An examination of the record in regard to the fire loss claimed by the petitioner discloses a similar lack of evidence. There is nothing in the record which proves the cost of the total structures and equipment at mine No. 3 or the cost of the structures and equipment destroyed by fire. Petitioner showed*2670 that certain entries were made on the books before the fire but did not prove that such entries represented the actual cost of the properties. These entries were subsequently changed and the petitioner offered no proof that the changed figures represent the actual cost of the structures and equipment at mine No. 3.
In view of these conditions we are unable to determine that the Commissioner erred in disallowing the loss of $26,037.60 and in adding to net income an additional amount of $14,530.66, representing a gain from the fire.
Petitioner claimed a deduction of $30,000 as bonuses paid to its officers and employees for the fiscal year ending July 31, 1922. It is shown that on July 16, 1922, the directors authorized a payment at some future time of an undetermined amount to be based upon the *57 earnings for the calendar year 1922 in excess of $100,000. It is further noted that it was not until October, 1922, after the close of the fiscal year that any entry was made on the books representing a payment pursuant to this resolution, and that on that date the entry specified that such payment was to be apportioned at the end of the year. Since the amount of $30,000 was*2671 not determined or determinable, and was not intended to be determined during the fiscal year ending July 31, 1922, and was not paid during such fiscal year, it is not an allowable deduction for the fiscal year ending July 31, 1922.
We are, therefore, of the opinion that the Commissioner was justified in refusing to permit a deduction of $30,000 during the fiscal year ending July 31, 1922.

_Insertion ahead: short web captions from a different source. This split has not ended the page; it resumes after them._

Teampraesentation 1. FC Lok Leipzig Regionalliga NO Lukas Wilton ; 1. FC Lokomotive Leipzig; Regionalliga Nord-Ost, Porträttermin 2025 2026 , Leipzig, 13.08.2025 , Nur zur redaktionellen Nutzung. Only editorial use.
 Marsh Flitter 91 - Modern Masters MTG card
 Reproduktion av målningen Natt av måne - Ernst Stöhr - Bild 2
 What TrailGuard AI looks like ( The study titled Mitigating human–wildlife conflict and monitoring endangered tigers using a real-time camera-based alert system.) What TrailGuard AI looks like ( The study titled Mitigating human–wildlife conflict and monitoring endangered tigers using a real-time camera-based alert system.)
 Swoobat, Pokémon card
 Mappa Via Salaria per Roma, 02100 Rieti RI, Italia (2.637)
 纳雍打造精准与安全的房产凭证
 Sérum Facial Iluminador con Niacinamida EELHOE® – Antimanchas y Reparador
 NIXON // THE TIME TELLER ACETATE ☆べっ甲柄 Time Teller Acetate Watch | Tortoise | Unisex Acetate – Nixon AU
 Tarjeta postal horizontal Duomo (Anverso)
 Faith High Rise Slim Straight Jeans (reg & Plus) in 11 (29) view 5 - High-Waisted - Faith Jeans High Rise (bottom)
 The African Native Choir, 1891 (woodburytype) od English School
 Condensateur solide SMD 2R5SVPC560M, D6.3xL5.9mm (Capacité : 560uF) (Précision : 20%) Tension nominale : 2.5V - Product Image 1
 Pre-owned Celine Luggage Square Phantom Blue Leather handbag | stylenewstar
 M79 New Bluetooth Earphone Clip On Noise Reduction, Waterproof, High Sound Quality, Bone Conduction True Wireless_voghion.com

In presenting to the Board the issue relating to the running of the statute of limitations it is apparent that the petitioner overlooked the waiver dated April 18, 1925. This waiver was filed prior to the running of the statute of limitations for the fiscal year ending July 31, 1920, or for the fiscal year ending July 31, 1921, since it was less than five years after the 1920 return was filed, and less than four years after the 1921 return was filed. The subsequent waivers dated December 14, 1925, and November 16, 1926, further extended the time in which assessment could be made up to December 31, 1925, which was beyond the time when the petition was filed with the Board. We, therefore, hold that the Commissioner is not barred by the statute of limitations from assessing taxes for the fiscal*2672 years ending July 31, 1920, and July 31, 1921.
Judgment will be entered for the respondent.